# b14 armrest



## matcapir (Feb 20, 2005)

Ok, I've searched and read all the threads. I've called Nissan to order a center console armrest that was offered as an OEM upgrade which they new nothing about. I've emailed Mossy and haven't heard back. I've searched Ebay and Ebay Motors. 

I just need to know what year/model center console armrest will fit in a 96 200sx se-r. I am planning on putting hinges on whatever I get, so hinges aren't necessary. Just need something to work with. Any suggestions would be very appreciated.

Sorry if this should be in cosmetics, just wanted to ask the b14 section since many probably have done this and might be able to provide me with a part number to go to nissan with.


----------



## lshadoff (Nov 26, 2002)

The B14 arm rest is Part No. 999M1-LF004BK Order it from your Nissan Dealer.

Lew


----------



## pete? (Jul 6, 2004)

go to www.mossyperformance.com enter your car, go to the "interior" section and it will be there for $40 some


----------



## Wufaded (Oct 15, 2003)

1.6pete said:


> go to www.mosseyperformance.com enter your car, go to the "interior" section and it will be there for $40 some



You got the wrong website address.....

Call up your local Nissan dealer, they will be able to order it using the part # lshadoff provided. You can also order it from Mossy Nissan  or Performance Nissan...but of course they will tack on shipping fees...


----------



## pete? (Jul 6, 2004)

sorry bout the wrong addy :thumbup: 

heres a direct link to the arm rest


----------



## matcapir (Feb 20, 2005)

1.6pete said:


> sorry bout the wrong addy :thumbup:
> 
> heres a direct link to the arm rest



You guys are awesome, I can't wait to talk to the guy at Nissan who told me there was no such B14 armrest. He was treating me like an idiot until I asked him if there were any other models that would fit the b14, and then he actually stuttered. Anyway, the part number is exactly what I was looking for, thanks guys.


----------



## matcapir (Feb 20, 2005)

matcapir said:


> You guys are awesome, I can't wait to talk to the guy at Nissan who told me there was no such B14 armrest. He was treating me like an idiot until I asked him if there were any other models that would fit the b14, and then he actually stuttered. Anyway, the part number is exactly what I was looking for, thanks guys.

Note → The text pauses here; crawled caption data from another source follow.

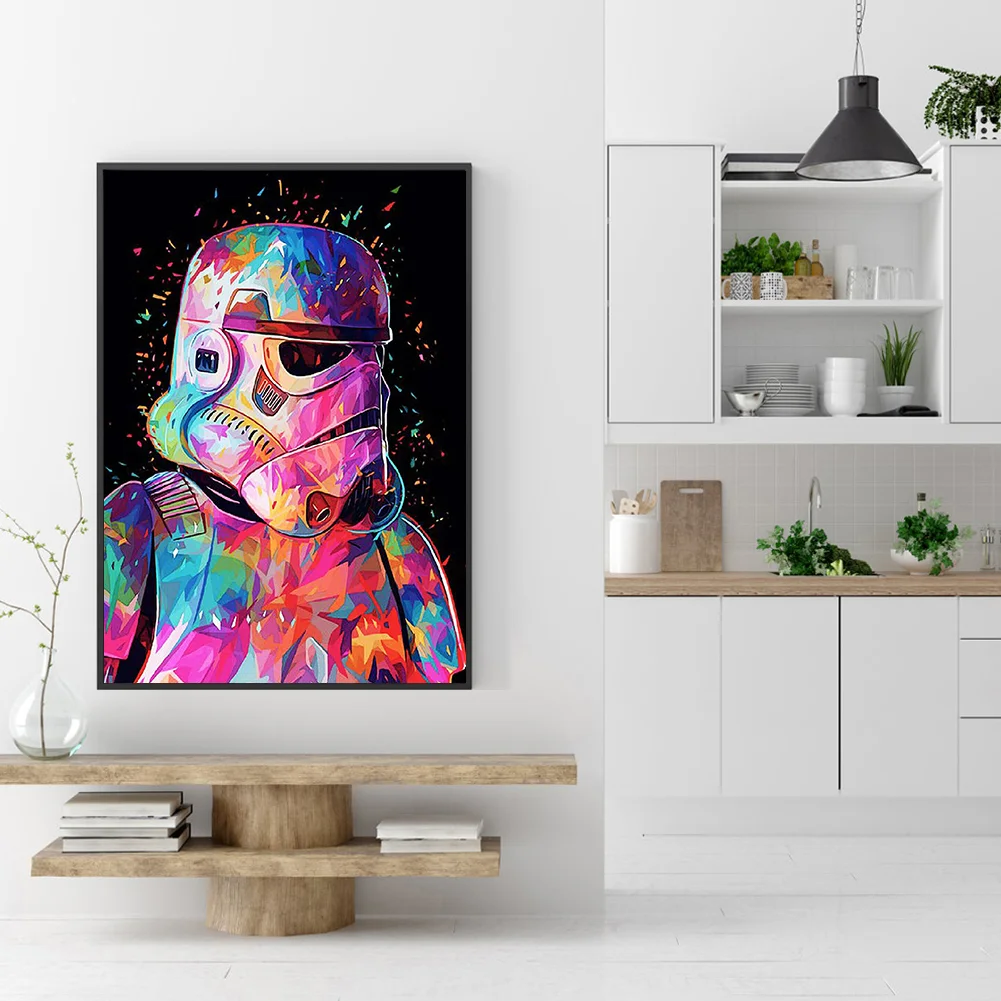 Diamond Painting - Full Round Drill - Movie Star Wars(30*40cm)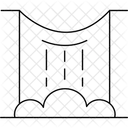 Wasserkraftwerk  Symbol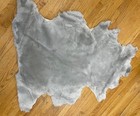 SILVER GREY SHEARLING HIDE- PELT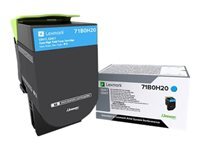 Lexmark X417 À rendement élevé cyan original cartouche de toner LCCP pour Lexmark CS417dn CS517de CX417de CX517de - vue 2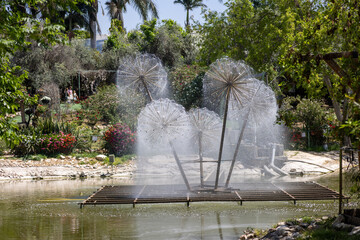 fountain in the park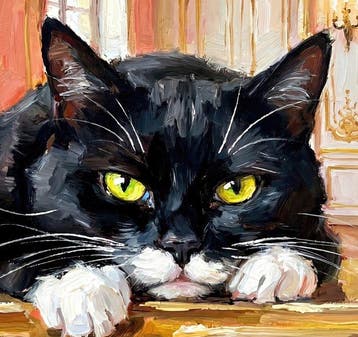 Kleury.art - [XL Canvas] The Fireplace Attendant” by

You guys rock. Nissan suddenly found the part once supplied with a part number. Ha ha. It was a different guy. He wasn't sure if they could even get it anymore since it was an add on accesory. Anyway, they wanted 65 bucks for it, so I'm going to just order the one from Mossy. Thanks a million guys.


----------



## Ninety-Nine SE-L (May 5, 2002)

contact Mossy again, I've never known Greg to slack with emails, I usually get a response in less than a day.

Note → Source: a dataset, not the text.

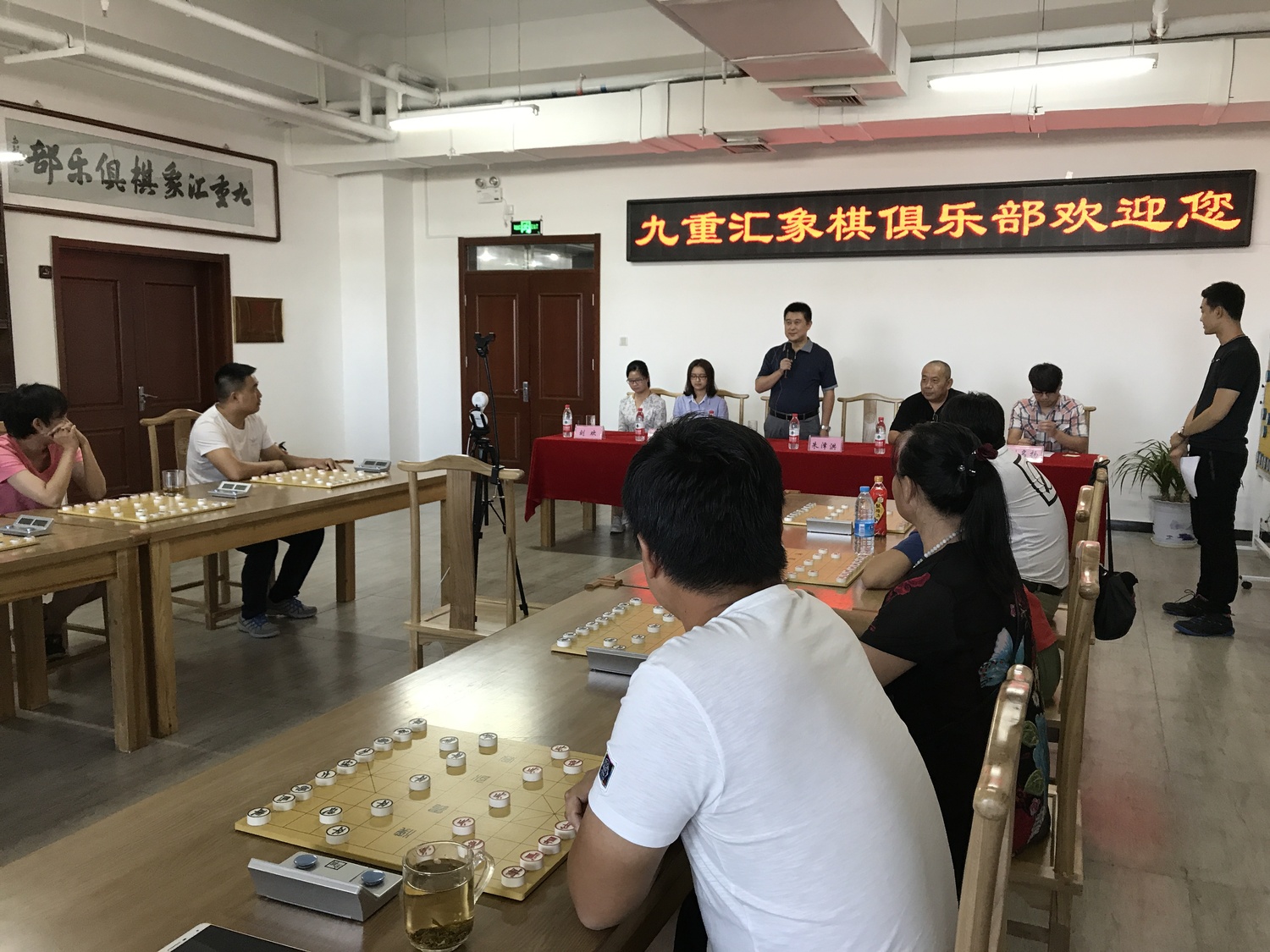 张强,唐丹,刘欢参加九重汇象棋俱乐部 周年店庆会员活动取得圆满成功!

the Armrest comes in black, grey, or tan, the part# above is the black one.


----------



## matcapir (Feb 20, 2005)

Ninety-Nine SE-L said:


> contact Mossy again, I've never known Greg to slack with emails, I usually get a response in less than a day.
> 
> the Armrest comes in black, grey, or tan, the part# above is the black one.

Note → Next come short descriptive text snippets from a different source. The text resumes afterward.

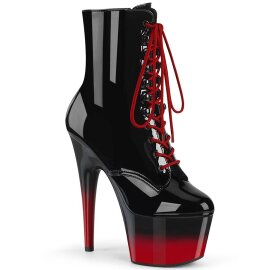 Pleaser ADORE-1020BR-H Plateau Ankle Boots Patent Black EU-41 / US-11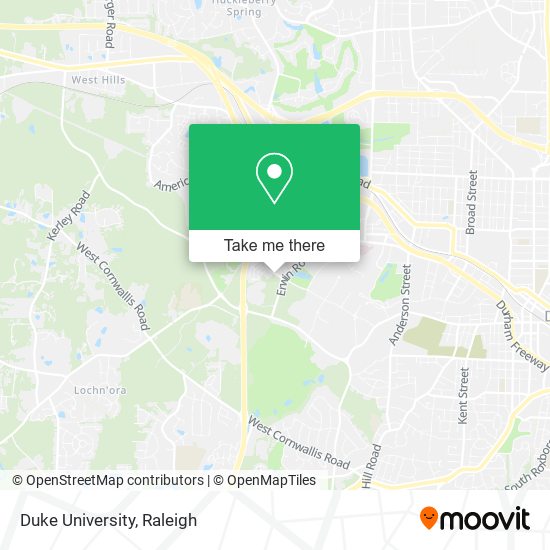 Duke University map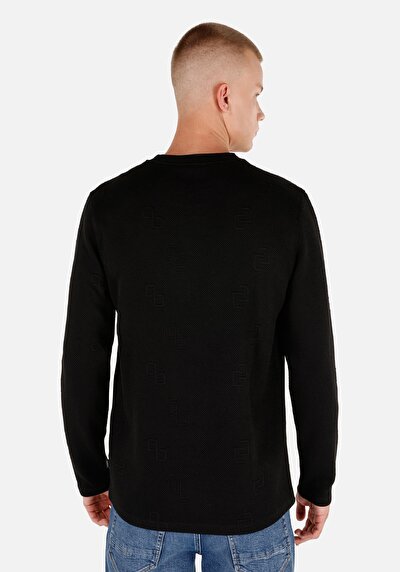 Image de T-shirt À Manches Longues Noir Regular Fit  Homme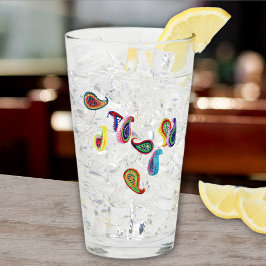 Elegante naam, Papier Gewatteerde Paisleys 16oz Pi Glas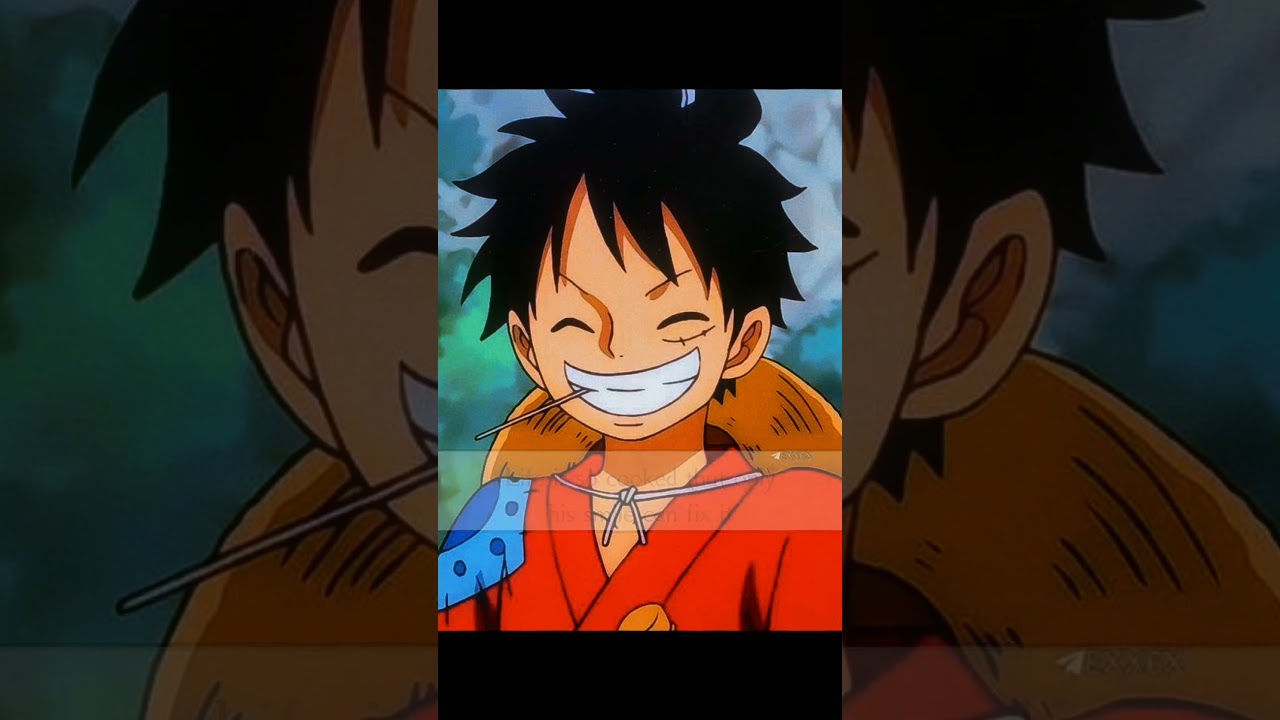 Luffy's smile would always make my day better #luffy #onepiece  #anime
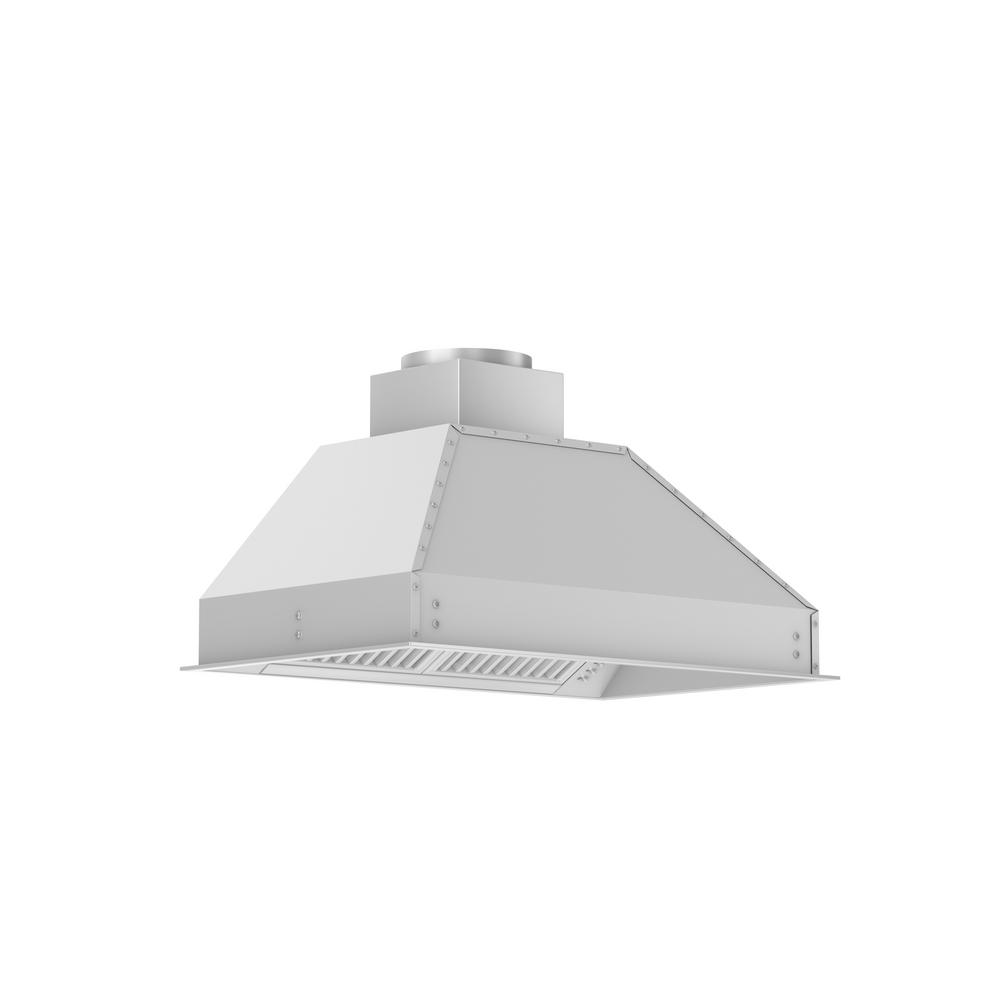 ZLINE Kitchen and Bath ZLINE 34 inch Remote Blower Insert Range Hood in... by ZLINE Kitchen and Bath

Thanks niney nine, I ordered today from Greg and it's been shipped. 45 for the armrest and 9 bucks S+H. WOOOOOHOOOO!!! Funny I'm so excited about an armrest, but I've been wanting one for almost three years!!!!!


----------



## Ninety-Nine SE-L (May 5, 2002)

it is nice having one, I use it all the time. I couldn't live w/o it.


----------



## Greg200SE-R (Feb 5, 2003)

The armrest is great! If you really want a nice combo then look at the Redline products leather shift boot, should match the armrest well. Or, get the shift boot/e-brake boot/armrest cover package. not cheap, but they look great.

By the way, putting hinges on the armrest will require a good amount of thought and fabrication... The metal bars that hold it in will allow it to "hinge" up or down normally. If you build your own hinge, it might get ripped apart sooner or later since the armrest gets squeezed between the seats pretty tightly.

Enjoy your armrest, its a great "mod."


----------



## fondoo (May 2, 2002)

does anyone have pic's??


----------



## pete? (Jul 6, 2004)

fondoo said:


> does anyone have pic's??


check out this thread


----------



## xbrandonx (Mar 27, 2004)




----------



## fondoo (May 2, 2002)

does it only come in black leather? my interior is all gray and the seats are gray fabric.


----------



## lshadoff (Nov 26, 2002)

fondoo said:


> does it only come in black leather? my interior is all gray and the seats are gray fabric.


Look at post #8 above.

Lew


----------



## fondoo (May 2, 2002)

does the armrest slide into the cd pocket?


----------



## pete? (Jul 6, 2004)

fondoo said:


> does the armrest slide into the cd pocket?


si............


----------



## B14_Stealth (Aug 14, 2003)

fondoo said:


> does the armrest slide into the cd pocket?


yes, it doesn't flip. In order for it to flip you would have to install a hinge.


----------



## Greg200SE-R (Feb 5, 2003)

B14_Stealth said:


> yes, it doesn't flip. In order for it to flip you would have to install a hinge.


The armrest does flip up and down. It's built to operate just like any other - it will flip open and closed while the bars hold it in place. It may not look as nice as an actual hinge, but it's simple, it works fine and its a drop-in affair.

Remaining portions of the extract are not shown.